On Differentially Private U Statistics
Kamalika Chaudhuri, Po-Ling Loh, Shourya Pandey, Purnamrita Sarkar
TL;DR
This work tackles the problem of privately estimating θ = $\mathbb{E}[h(X_1,\dots,X_k)]$ for i.i.d. data using U-statistics under central differential privacy. It identifies limitations of off-the-shelf private mean-estimation methods and introduces a thresholding approach based on local Hájek projections to reweight U-statistic subsets, achieving nearly optimal private error for non-degenerate sub-Gaussian kernels and strong indications of near-optimality for degenerate cases. The authors provide matching lower bounds for non-degenerate kernels and near-optimality evidence for degenerate kernels, along with a subsampling variant that reduces runtime to $O(n^2)$ without sacrificing privacy guarantees. They demonstrate applications to private hypothesis testing and sparse-graph statistics (e.g., uniformity testing, triangle densities), illustrating practical impact in settings where U-statistics naturally arise. Overall, the paper significantly advances private U-statistics by combining a novel Hájek-projection-based reweighting scheme with robust private-mean machinery, yielding practical, near-optimal privacy-utility trade-offs.
Abstract
We consider the problem of privately estimating a parameter $\mathbb{E}[h(X_1,\dots,X_k)]$, where $X_1$, $X_2$, $\dots$, $X_k$ are i.i.d. data from some distribution and $h$ is a permutation-invariant function. Without privacy constraints, standard estimators are U-statistics, which commonly arise in a wide range of problems, including nonparametric signed rank tests, symmetry testing, uniformity testing, and subgraph counts in random networks, and can be shown to be minimum variance unbiased estimators under mild conditions. Despite the recent outpouring of interest in private mean estimation, privatizing U-statistics has received little attention.
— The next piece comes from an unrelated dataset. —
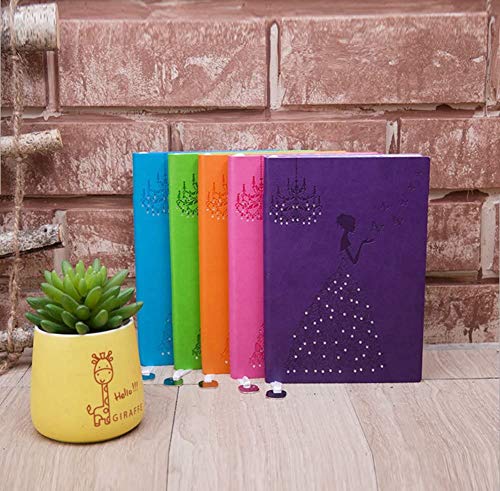 SEEHAN A5 Lined Notebook Planner Travel Journal Leather Notebook for Girls Women Princess Butterfly Journal Notebook Diary, A5 Ruled Writing Notebook Lined Note Pads Purple Journal 240 Pages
While existing private mean estimation algorithms can be applied to obtain confidence intervals, we show that they can lead to suboptimal private error, e.g., constant-factor inflation in the leading term, or even $Θ(1/n)$ rather than $O(1/n^2)$ in degenerate settings. To remedy this, we propose a new thresholding-based approach using \emph{local Hájek projections} to reweight different subsets of the data. This leads to nearly optimal private error for non-degenerate U-statistics and a strong indication of near-optimality for degenerate U-statistics.